Files
stonks-oracle/services/recommendation/suppression.py
T

242 lines
8.6 KiB
Python

"""Suppression logic for low-quality data or low confidence.
Evaluates the quality of the underlying data feeding a trend summary
and suppresses automated trade eligibility when data quality is poor.
Suppressed recommendations are marked as informational only.
This layer runs *before* the eligibility engine and acts as a pre-filter
on data quality.
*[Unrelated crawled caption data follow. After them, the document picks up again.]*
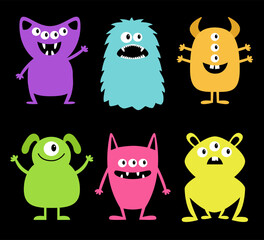 Monster set line. Happy Halloween. Cute kawaii cartoon boo character. Six colorful silhouette monsters. Different face. Teeth, eyes, horns, hands. Childish style. Flat design. Black background. Vector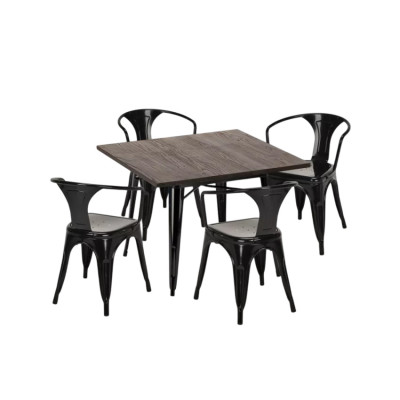 Set tavolo 80x80cm industriale + 4 sedie Hot Toddy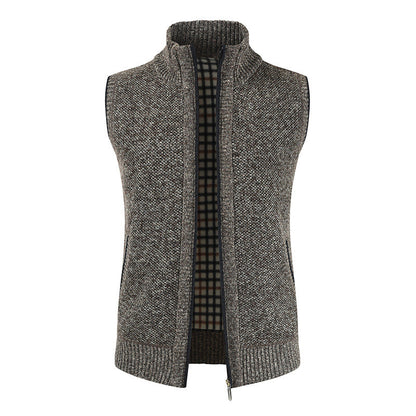 Herren Strickweste Stehkragen Reißverschluss Modern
The eligibility engine handles signal-level thresholds
(confidence, strength, contradiction); this module handles data-level
quality concerns (stale evidence, low extraction quality, poor source
diversity, insufficient valid documents).
Requirements: 7.4
"""
from __future__ import annotations
import logging
from dataclasses import dataclass, field
from datetime import datetime, timezone
from enum import Enum
from services.shared.schemas import TrendSummary
logger = logging.getLogger(__name__)
class SuppressionReason(str, Enum):
"""Why a recommendation was suppressed due to data quality."""
LOW_DATA_CONFIDENCE = "low_data_confidence"
STALE_EVIDENCE = "stale_evidence"
LOW_SOURCE_DIVERSITY = "low_source_diversity"
HIGH_EXTRACTION_FAILURE_RATE = "high_extraction_failure_rate"
INSUFFICIENT_VALID_DOCUMENTS = "insufficient_valid_documents"
@dataclass(frozen=True)
class SuppressionConfig:
"""Tunable thresholds for data quality suppression.
These thresholds focus on the quality of the *input data* rather
than the trend signal itself (which is handled by EligibilityConfig).
"""
# Minimum average extraction confidence across evidence documents.
# Below this, the underlying data is too unreliable for trade decisions.
min_avg_extraction_confidence: float = 0.40
# Maximum age (hours) of the most recent evidence document.
# If the freshest evidence is older than this, the trend is stale.
max_evidence_staleness_hours: float = 168.0 # 7 days
# Minimum number of distinct source types (e.g. news, filings, market)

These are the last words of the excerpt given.